Fitting a Hazard Function to Age
Overview
Often, it is believed that the hazard function should
Fitting to Age
When assuming a constant hazard function, fitting the function is
mathematically fairly simple. The process involves splitting
your data into time intervals, for instance monthly. Then
calculating the number of active accounts every month, labeled
{% N_i %}, and the number
of account closings in that month, labeled {% C_i %}
Then the measured probabily of closure (the hazard rate)
in any period is
{% p_i = C_i / N_i %}
Because we are hypothesizing that the rate is constant and
unaffected by any factors, you can view each account in each period
as a separate independent observation. In that case, the total
number of observations is
{% N = \sum N_i %}
and the number of closures is
{% C = \sum C_i %}
and the calculated probability is
{% \sum C_i / \sum N_i %}
The above calculated probability is for the time interval that
the data set is segmented into. You could set your hazard functon
equation to the calculated value as such:
{% h(t) = \sum C_i / \sum N_i %}
This assumes that time is measured in units given by the segmentation of
your dataset. If the segmented interval represents 1 month, then
{% \Delta t=5 %} represents a change of 5 months. If you wish
to use a different interval as your unit of time, you will need
to appropriately scale your function value.
Data Work
The challenge for implementation is getting the counts needed
for the above calculation. Typically, organizations will capture
monthly data, and assign a status to account for that month.
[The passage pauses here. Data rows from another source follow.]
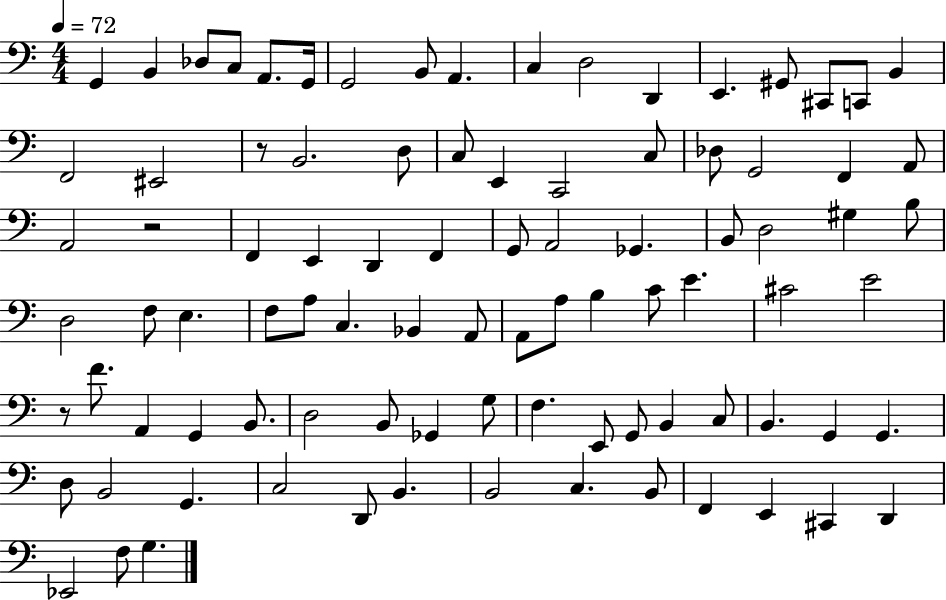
{
  \clef bass
  \numericTimeSignature
  \time 4/4
  \key c \major
  \tempo 4 = 72
  g,4 b,4 des8 c8 a,8. g,16 | g,2 b,8 a,4. | c4 d2 d,4 | e,4. gis,8 cis,8 c,8 b,4 | \break f,2 eis,2 | r8 b,2. d8 | c8 e,4 c,2 c8 | des8 g,2 f,4 a,8 | \break a,2 r2 | f,4 e,4 d,4 f,4 | g,8 a,2 ges,4. | b,8 d2 gis4 b8 | \break d2 f8 e4. | f8 a8 c4. bes,4 a,8 | a,8 a8 b4 c'8 e'4. | cis'2 e'2 | \break r8 f'8. a,4 g,4 b,8. | d2 b,8 ges,4 g8 | f4. e,8 g,8 b,4 c8 | b,4. g,4 g,4. | \break d8 b,2 g,4. | c2 d,8 b,4. | b,2 c4. b,8 | f,4 e,4 cis,4 d,4 | \break ees,2 f8 g4. | \bar "|."
} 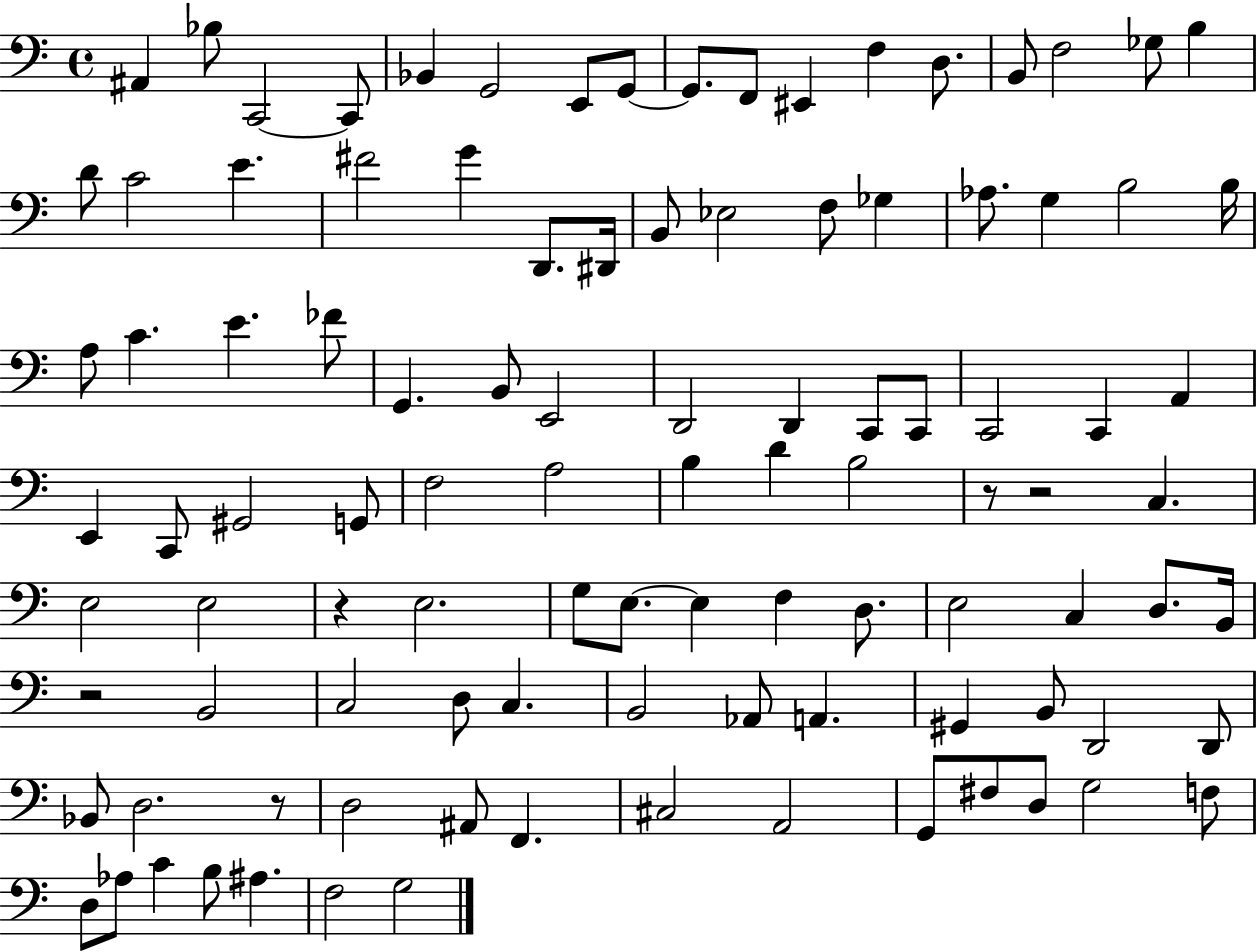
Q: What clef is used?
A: bass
The
following represents a common structure for account records.
{
account_id:'1'
date:'2010-03-31',
status:'OPEN'
},
{
account_id:'1',
date:'2010-04-30',
status:'CLOSED'
}
These two records refer to the same account at different dates.
Data analysts must understand how to measure an account closure.
In this case, given that the accounts are sampled at the end of
each month, it is fair to assume that the account closed in April,
but you would not know this without being able to look at the record
in March.
Grouping the Data
Assuming that the data is loaded into a variable, the first step
is to group the data by date and account number. This
can easily be done using the
group api.
let gp = await import('/lib/utilities/v1.0.0/group.js');
let groups = gp.group(data, p=>[p.date, p.account_id]).toObj();
let dates = Object.keys(groups);
dates.sort();
let total = 0;
let closures = 0;
let lastDate;
for(let date of dates){
if(lastDate != undefined){
for(let id in groups[date]){
let acct = groups[date][id][0];
if(acct.status == 'OPEN') total += 1;
if(acct.status == 'CLOSED' && id in groups[lastDate] && groups[lastDate][id][0].status == 'OPEN'){
closures+=1;
total += 1;
}
}
}
lastDate = date;
}
let prob = closures / total;
Try it!
In this code, we groupd by date and then account number. Then we
iterate through the dates, skipping the first date. We do this because
we need a prior date in order to determine if an account with status
CLOSED was open in the prior month. (This isnt necessary if close
accounts drop out of your dataset after the month they are closed, however,
most companies keep a record of account.)
For each account that was open for the given date, or if its closed but
open in the prior period, we update the total accounts for that period
by 1. Then for any account that is closed in the given period but
open in the prior period, we update the number of closures by one.